И Хлопьянов, понимая вдруг смысл предстоящего зрелища, задохнулся, – узнал в выбеленном макете Дом Советов. Его застекленный белокаменный фасад, проблески золота, высокий циферблат часов, пестроту флагов, роскошные марши лестниц, белое дрожащее отражение на голубой реке, гудящую дугу моста, – это здание имитировал деревянный макет. На этом макете, на бутафорских баррикадах станут репетировать штурм и захват парламента.
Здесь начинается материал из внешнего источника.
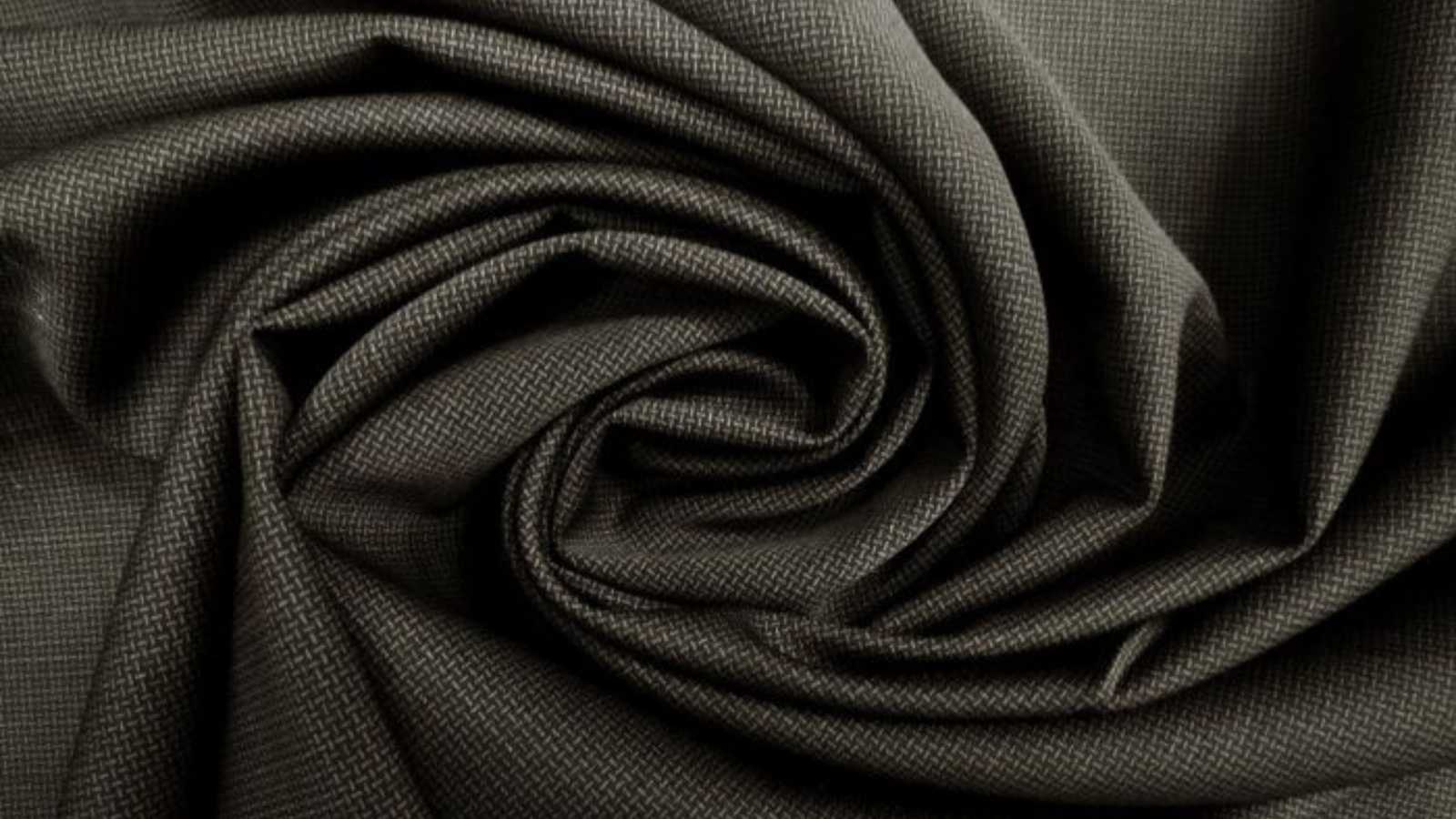 Wool Blends Fabric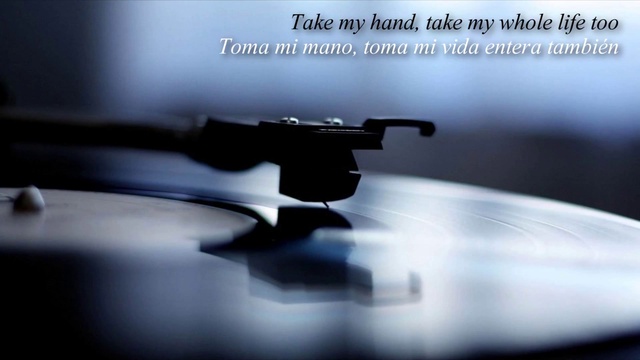 Can't Help Falling In Love смотреть онлайн
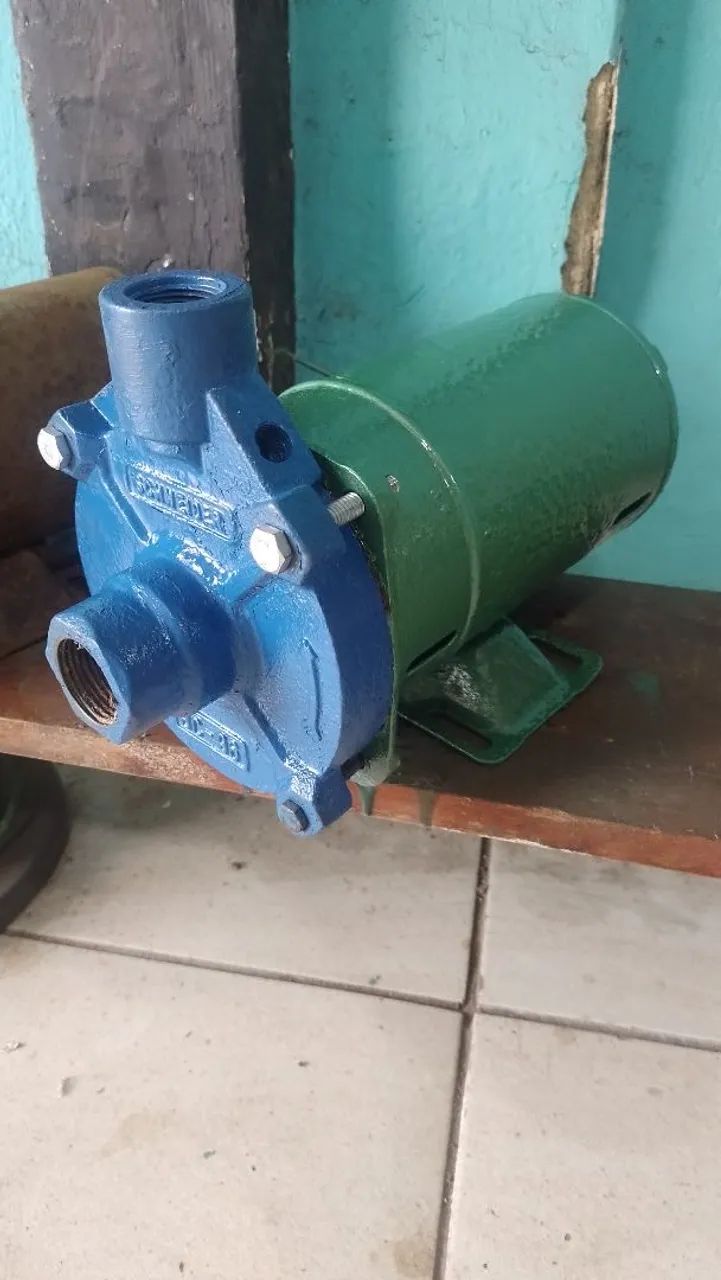 BOMBA D'ÁGUA EM PROMOÇÃO  - Foto 5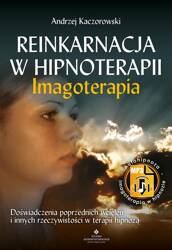 Reinkarnacja w hipnoterapii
– Ты, наверное, не ходишь в театр? – смеялся Каретный. – У нас с тобой другие развлечения. В Кабуле Дворец штурмовали! А почему бы теперь не в Москве?… Амину башку прострелили! А почему бы теперь не Хасбулатову?
В сосняке раздался металлический рокот. Приблизился. На полной скорости, как зеленые многолапые вараны, вынеслись три транспортера. Туго, плотно ударили из пулеметов. Защитники баррикады вставали навстречу, взмахивали кулаками, падали. Транспортеры крутили пулеметами, врывались на баррикаду, расшвыривали доски, куски арматуры и проволоки, а вокруг них метались баррикадники, кидали бутылки с бензином, и на корме одного транспортера заиграло клочковатое пламя. Из люка выскочил солдат, кинул на огонь бушлат, а машина крутила башней, посылала громкие очереди.
«Все это будет! – думал Хлопьянов, рассматривая в бинокль башню транспортера с номером „66“, скачущего на корме солдата в танковом шлеме, распластавшихся на земле в картинных позах баррикадников. Один из них, изображая убитого, держал в кулаке древко флага. Ветер пробегал над землей, пузырил красное полотнище. Обреченный Дом! Обреченная Москва!.. Люди, которых убьют, еще не знают об этом. Ропщут, бранят режим, приходят с работы усталые, хлебают нехитрый ужин. А уже обречены, уже учтены! Внесены в списки убитых и пропавших бесследно!.. А я? Тоже умру на баррикаде? Или меня расстреляет в упор бэтээр под номером „66“?
Разметав баррикады, бэтээры встали перед Домом, начали бить по фасаду, по стеклам, обрабатывая первый этаж. В оконных проемах появлялись защитники, стреляли из автоматов, падали под огнем пулеметов. Дом начинал дымиться, в нем ухали взрывпакеты, стены покрылись бледным пламенем.